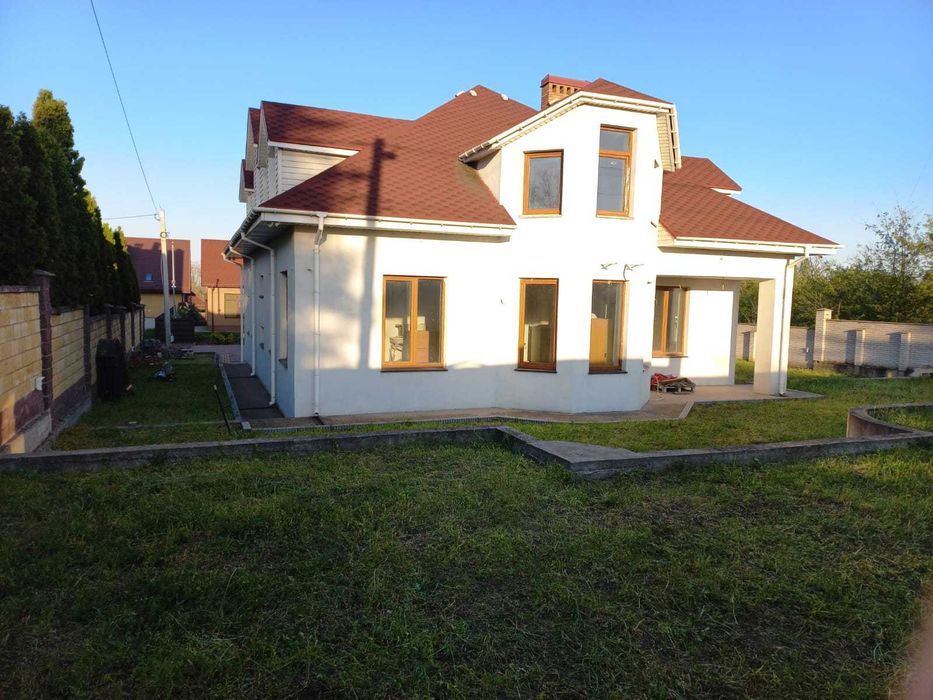 Продається енергоефективний котедж площею 263 кв.м.
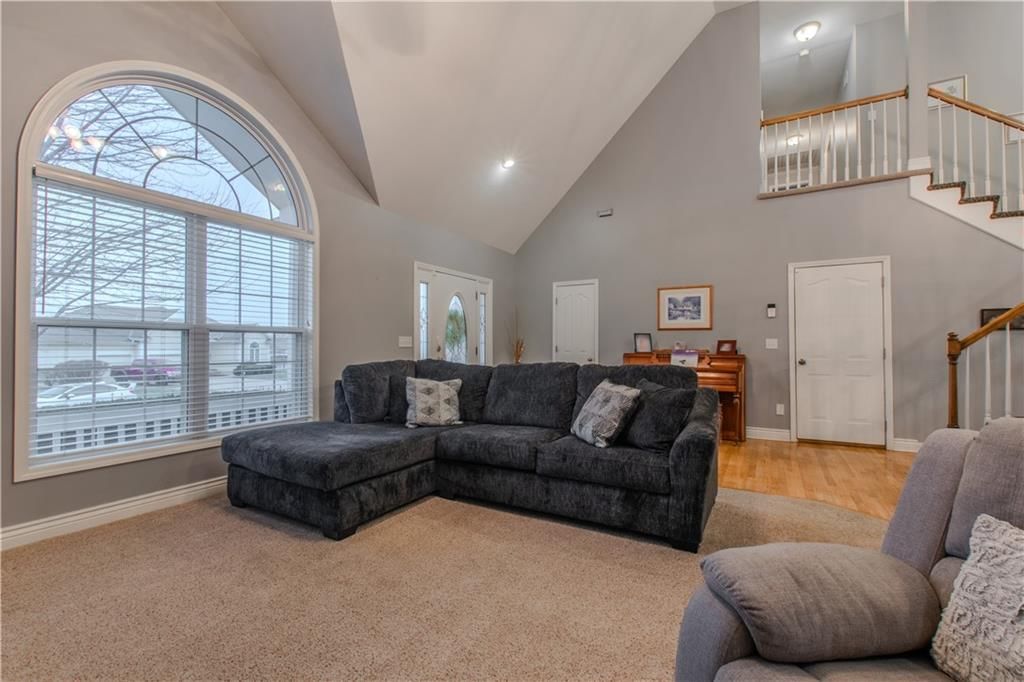 2707 SW Arthur Drive — photo 6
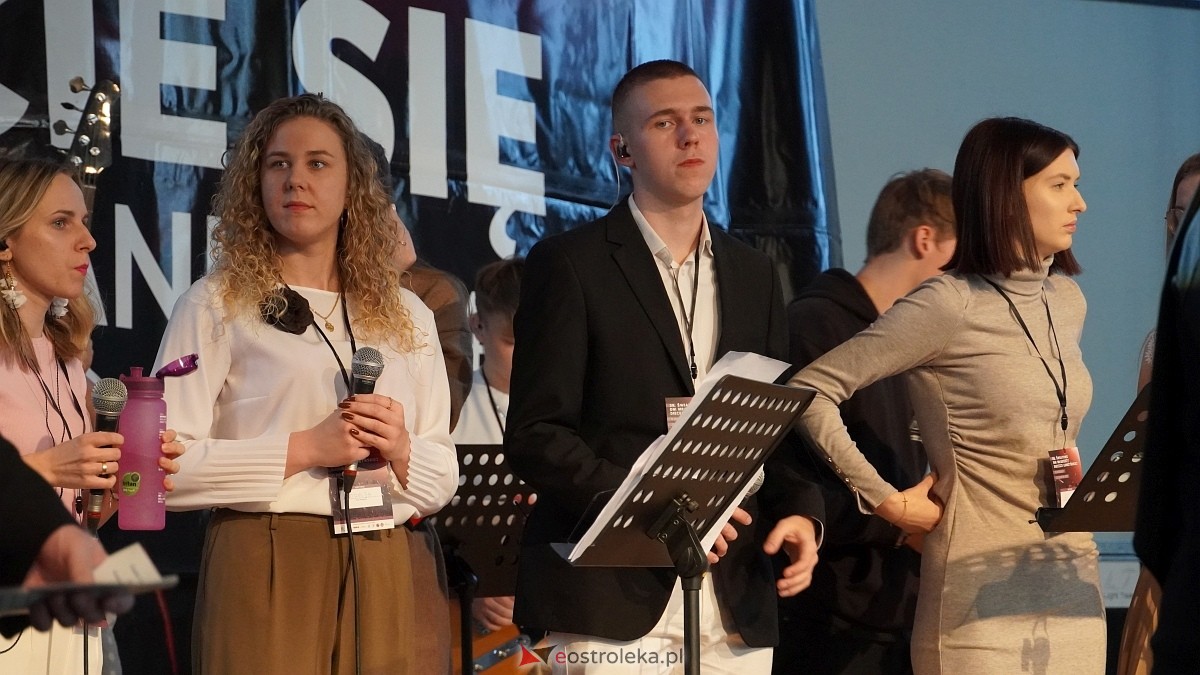 39. Dni Młodziezy Diecezji Łomżyńskiej w Ostrołęce [23.11.2024] - zdjęcie #88 - eOstroleka.pl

### Task to complete
Write out all the data exactly, minus pictures.

### Response to this exercise
 Продається енергоефективний котедж площею 263 кв.м.
 2707 SW Arthur Drive — photo 6
 39. Dni Młodziezy Diecezji Łomżyńskiej w Ostrołęce [23.11.2024] - zdjęcie #88 - eOstroleka.pl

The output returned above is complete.